GIVEN RECORDS:

=-=-=

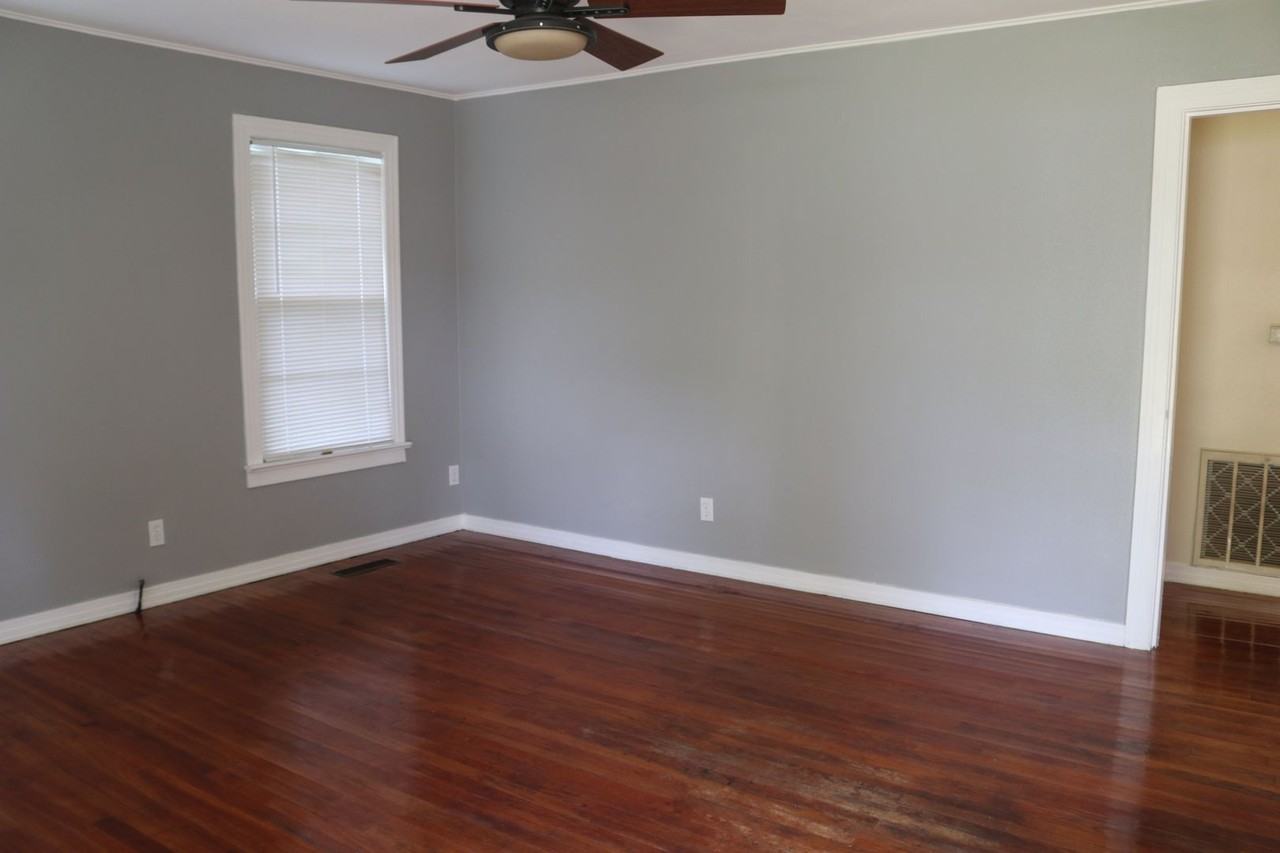 2219 Amelia Ave - Photo 3 of 21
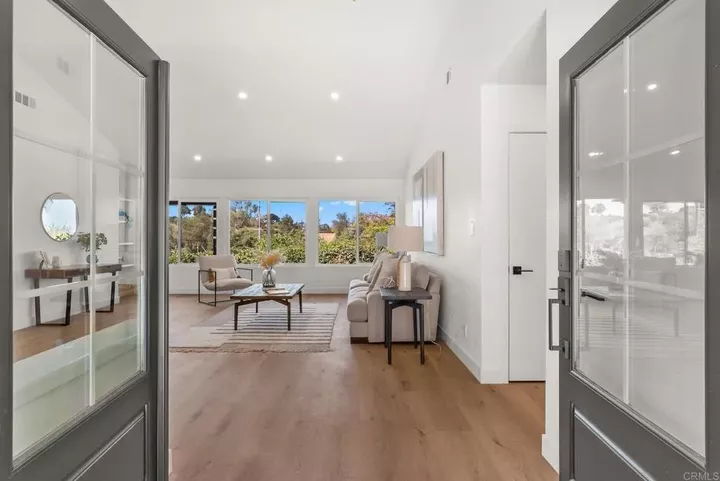 Property Photo:  938 Evergreen Lane  CA 92084 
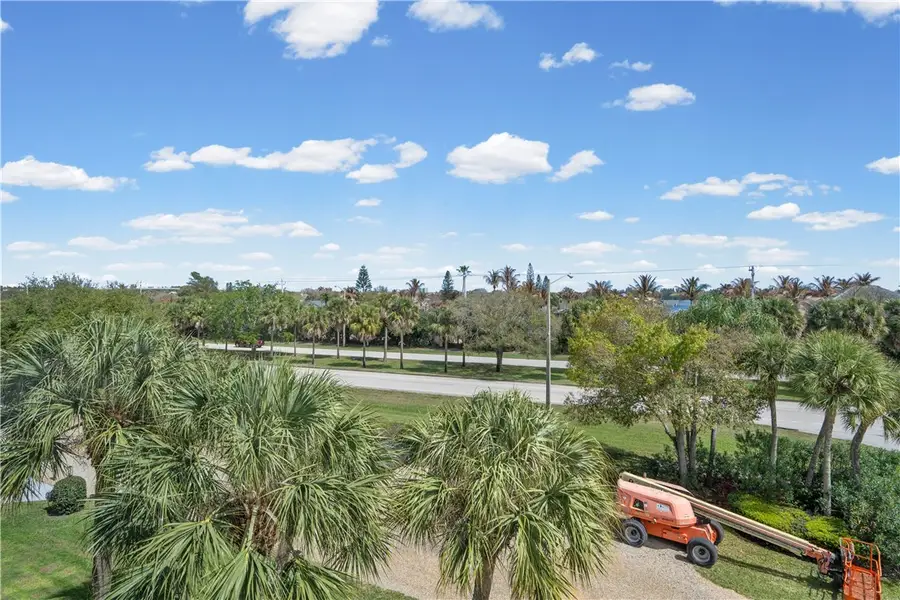 2333 Indian River Boulevard #401, Vero Beach, FL 32960 - #3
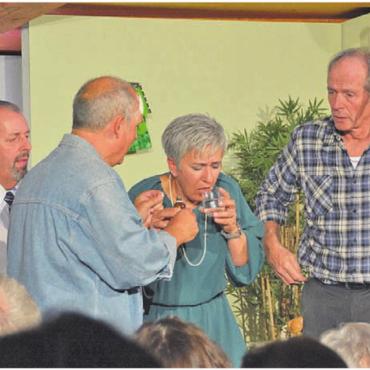 Bilder, Menschen, Emotionen - 17. Oktober: In Fischbach-Göslikon sorgte die Premiere von «Theater i de Schüür» für ein einmaliges Erlebnis. Der Anlass war so beliebt, dass gar Zusatzvorstellungen durchgeführt werden mussten.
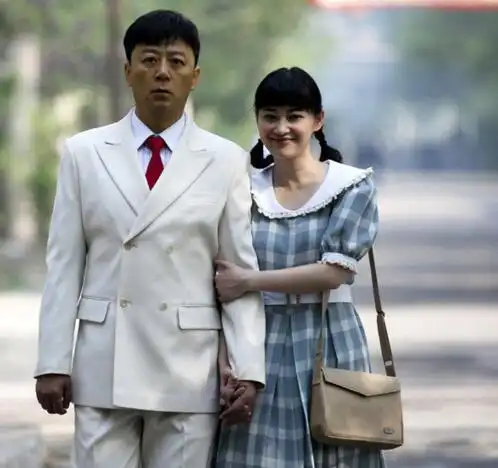 《父母爱情》梅婷素颜照片曝光 演绎50年代时尚美人(2)_内地剧_电视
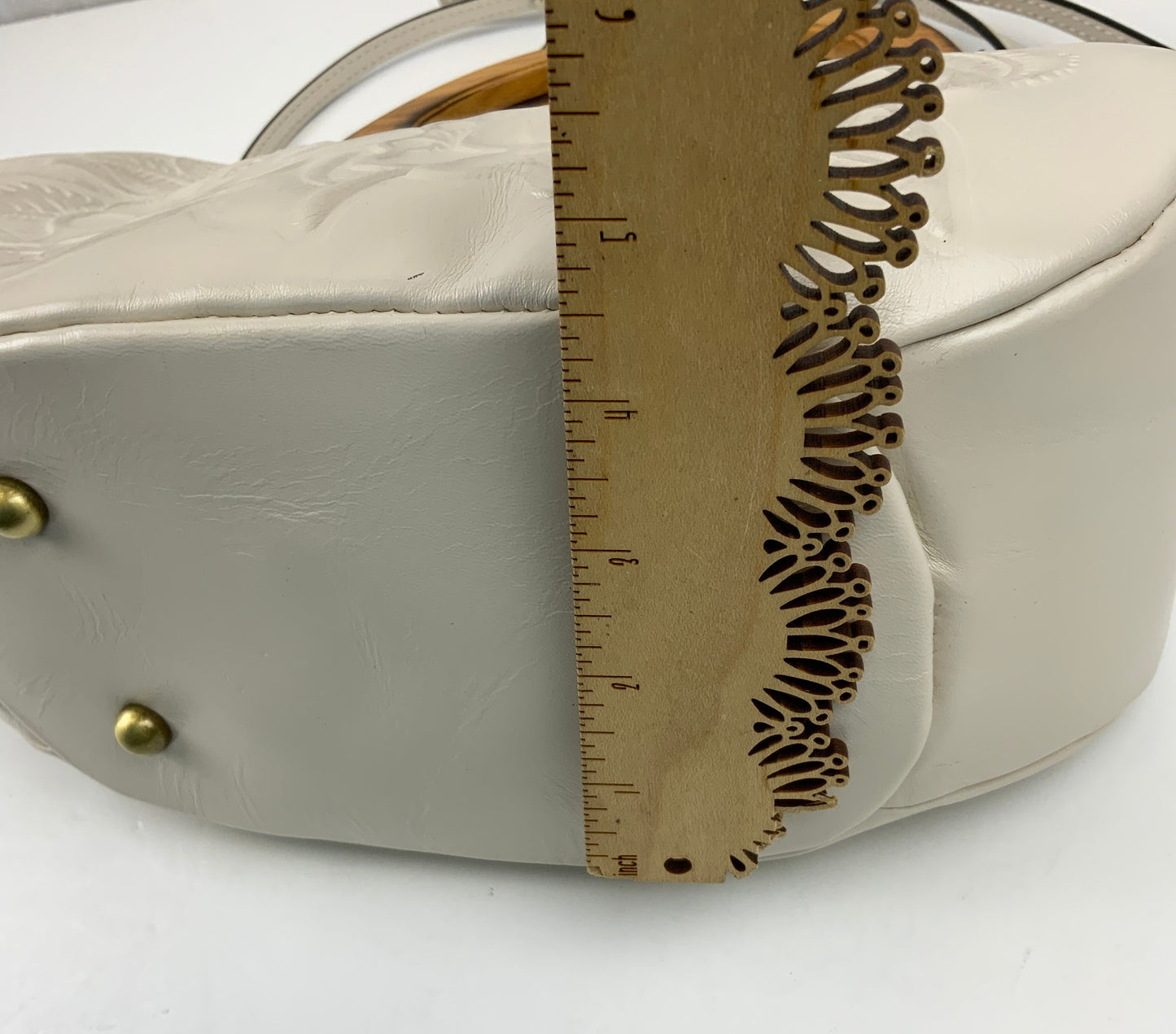 Crossbody Designer By Patricia Nash In White, Size:Medium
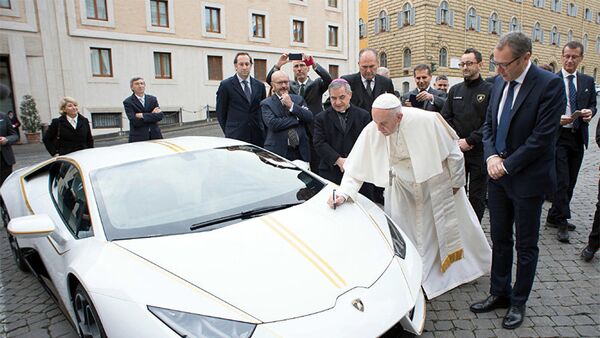 Lamborghini Папы Римского Франциска - Sputnik Южная Осетия
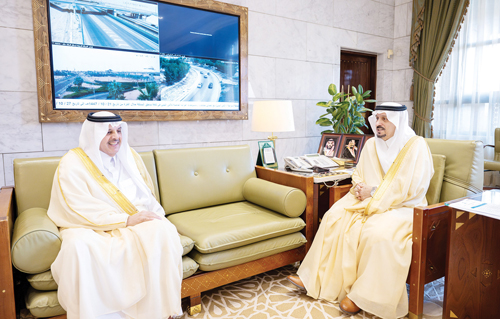 أمير منطقة الرياض يعتمد أسماء الفائزين بجائزة سموه  للتميز والإبداع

=-=-=

EXERCISE GOAL:
Only what runs from the line containing "Crossbody Designer By" through the end of the entries above should be extracted, exactly and without pictures.

WORKED SOLUTION:
 Crossbody Designer By Patricia Nash In White, Size:Medium
 Lamborghini Папы Римского Франциска - Sputnik Южная Осетия
 أمير منطقة الرياض يعتمد أسماء الفائزين بجائزة سموه  للتميز والإبداع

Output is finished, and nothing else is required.